Pretty cool!, Knowing that there is a WU in every K-mart in the USA, I headed over to the local K-mart the following AM around 10. On my way to the WU office I was lucky enough to find a $10.00 bill laying in the grass along the side of the road. I was surprised! and picked up the damp bill and shoved into my pocket.

After picking up my $$ at the Kmart WU office, I headed over to the on ramp for the interstate and stuck out my thumb. It wasnt long before and old guy pulled up and offered me a ride. He offered to drive me by the Mcdonalds en route and buy me breakfast. I agreed and thanked him for his generosity.

I had a series of rides from great and generous folks over the next few days. My longest ride came from a trucker named Chris, who carted me from somewhere in Kentucky to just south of Little Rock Arkansas.
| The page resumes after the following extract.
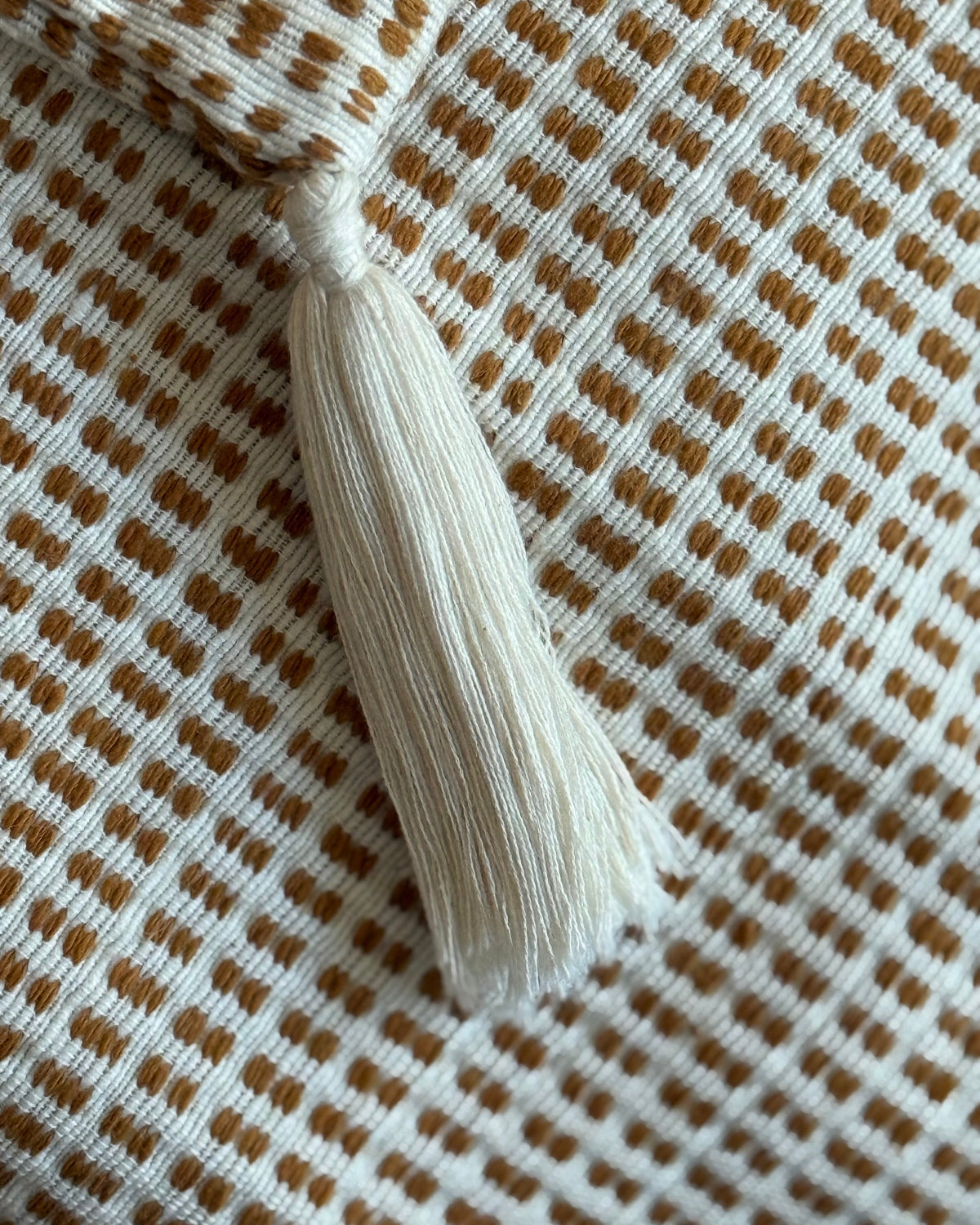 Close-up of a woven textile with a repeating brown and off-white check pattern and a cream tassel tie at the top.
From there I worked my way across Arkansas into Texas where I got my 2nd long distance ride. A guy named Robert stopped and asked me if I needed a lift. He said he was driving to Nevada and wanted some company to keep him awake. Later in the evening He decided to stop for the night and got a hotel. He also got me a room with his "points" then bought me dinner. He was sure a nice guy. In the Am , after the hotel breakfast we headed out. Several hours down the road. Robert dropped me off in Sanders, Arizona right on highway 191 south.

I hiked about 3 or 4 miles out of town and set up my hammock in the juniper tree for the night. I was a good camp and I was rewarded with a great Arizona sunset. Early the next morning I was on the road heading south. I caught a series of short rides all the way to alpine. At about dark, I was on 191 south looking around for a place to set up camp. Just then a truck full of hunters driving home to Tucson pulled up and offered me a ride to Benson, Az. Perfect!
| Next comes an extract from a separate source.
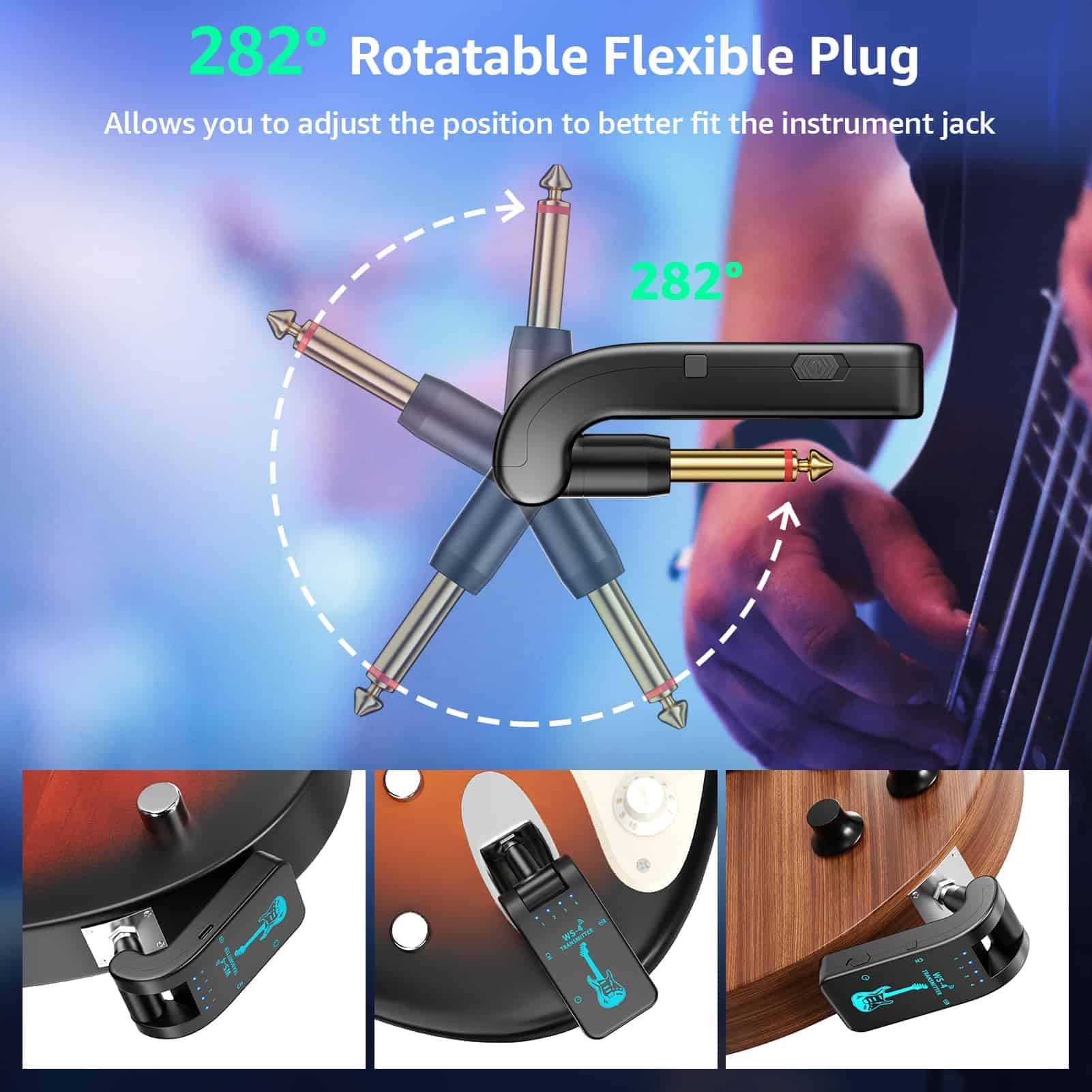 Sistema de Guitarra Inalámbrico Geyrut 2.4GHz, Transmisor y - Imagen 5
It took about 3 hours to get to Benson,once there, I called my other friend "Homie Matt" in Sierra Vista. Matt drove over and picked me up. It took me a total of 16 days to hitch hike from Aroostook , county Maine to Sierra vista , Arizona. The distance according to Google maps was 3,900 miles. It was a long haul, but It was a good trip. I was amazed and impressed by the generosity of people toward me (a stranger) and have since paid forward that generosity whenever possible.

Tomahawk


----------



## Tude (Mar 29, 2016)

I do like your travel stories


----------



## Deleted member 15688 (Mar 29, 2016)

Tude said:


> I do like your travel stories


Thanks sista! Ill slap a few more up now and then


----------